Conta-se que Dionísio, tirano de Siracusa, que vivia num luxuoso palácio, com o poder todo e servos às ordens para tudo, tinha um amigo invejoso e bajulador. Que sorte a tua!, repetia-lhe.
O rei, cansado de o ouvir, propôs-lhe que o substituísse por um dia. E Dâmocles viu-se com uma coroa de ouro na cabeça e, cercado de honras, de luxo e de prazeres, julgou-se o homem mais feliz do mundo. Sentado à mesa, onde se servia um banquete lauto, com vinhos raros, perfumes e música, inebriado, levantou os olhos. E o que viu? Uma enorme espada flamejante, afiada e pontiaguda, presa ao tecto apenas por um fio, que pendia sobre a sua cabeça. Aterrado, todo o entusiasmo se esvaiu e o rosto empalideceu. Era essa espada pendente que Dionísio via todos os dias, na ameaça constante de algo ou alguém cortar o fio.

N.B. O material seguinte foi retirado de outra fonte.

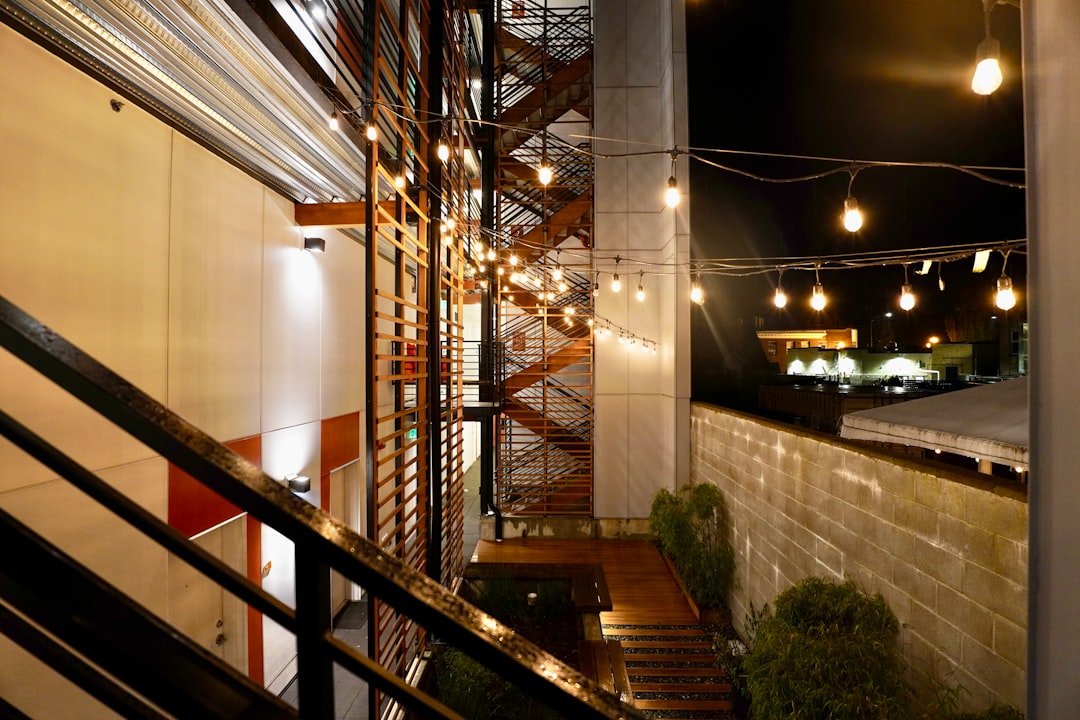 découvrez la maison passive, un concept de construction écologique et économe en énergie qui offre un confort optimal tout en réduisant l'empreinte carbone.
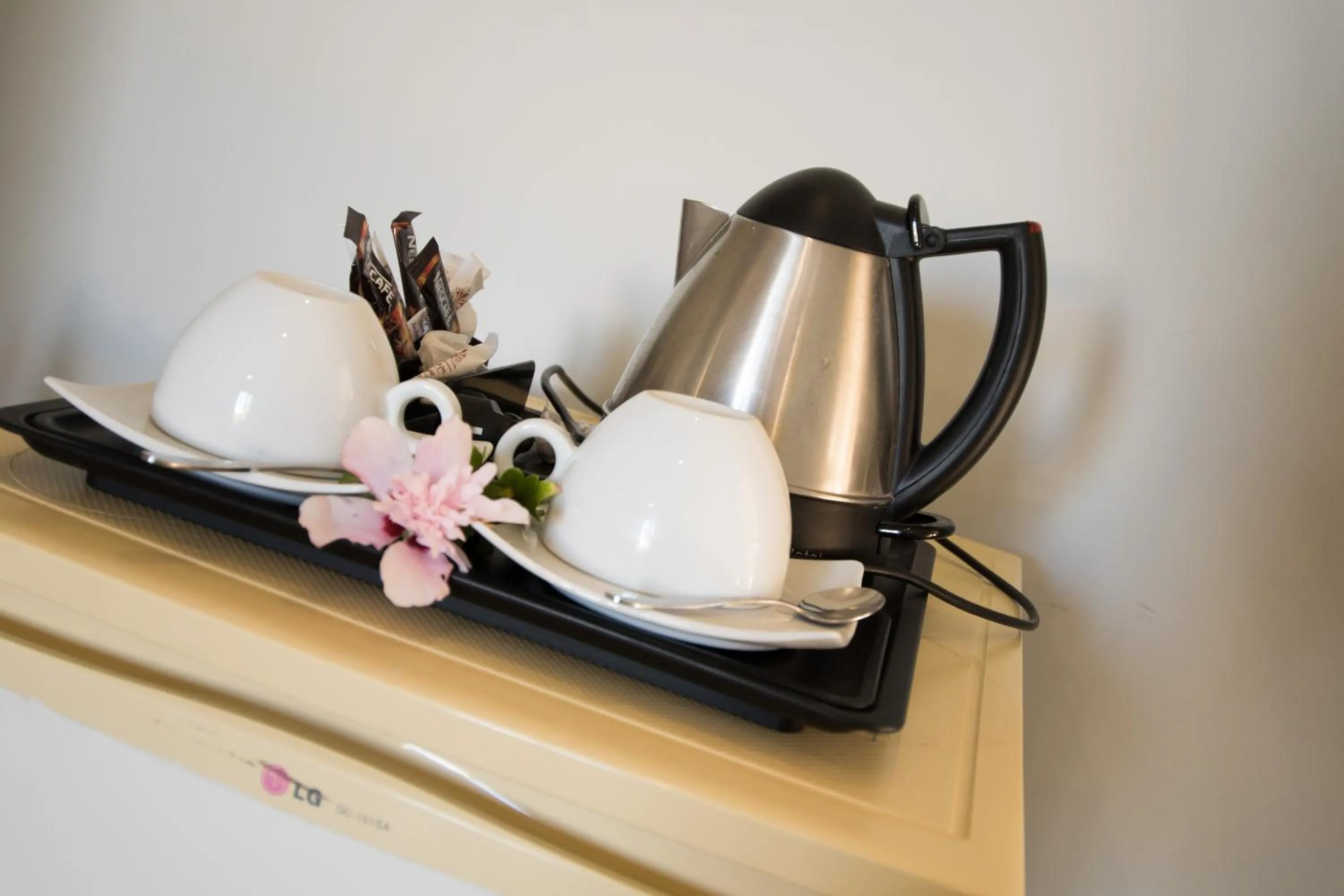 Coffee/tea facilities in Sunny Garden Hotel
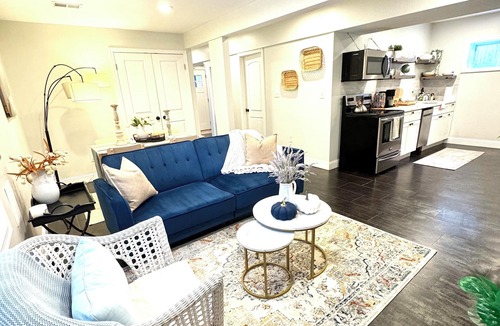 Mount Rainier Bed & Breakfast | Modern Oasis-steps from DC w/free private parking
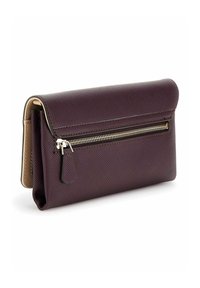 Pochette portefeuille violet foncé avec une surface texturée, un compartiment zippé à l'avant, et une fermeture éclair ainsi que des accents de couleur or.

Não é sob a espada de Dâmocles que nos encontramos todos? Nós, os portugueses; nós, os europeus; nós, os habitantes do planeta - sete mil milhões?
2. Estamos num cotovelo da História: até aqui chegámos, e, agora, o que se segue? Pela primeira vez, vivemos verdadeiramente num mundo globalizado, cujo centro se desloca para o Oriente. E quem manda? Quem vai deter o poder?
De qualquer modo, é como se a Humanidade tivesse perdido o controle. "De facto", escreve Frédéric Lenoir, da École des Hautes Études en Sciences Sociales, "já nenhuma instituição, nenhum Estado parece à altura de pôr freio à corrida no sentido do desconhecido - e talvez do abismo - para a qual nos precipitam a ideologia consumista e a mundialização sob a égide do capitalismo ultraliberal: acentuação dramática das desigualdades; catástrofes ecológicas que ameaçam o conjunto do planeta; especulação financeira descontrolada que fragiliza a economia mundial tornada global. Depois, há as transformações dos nossos modos de vida que fizeram do homem ocidental um desenraizado amnésico, mas igualmente incapaz de se projectar no futuro. Não há dúvida de que os nossos modos de vida mudaram mais durante o século passado do que durante os três ou quatro milénios anteriores."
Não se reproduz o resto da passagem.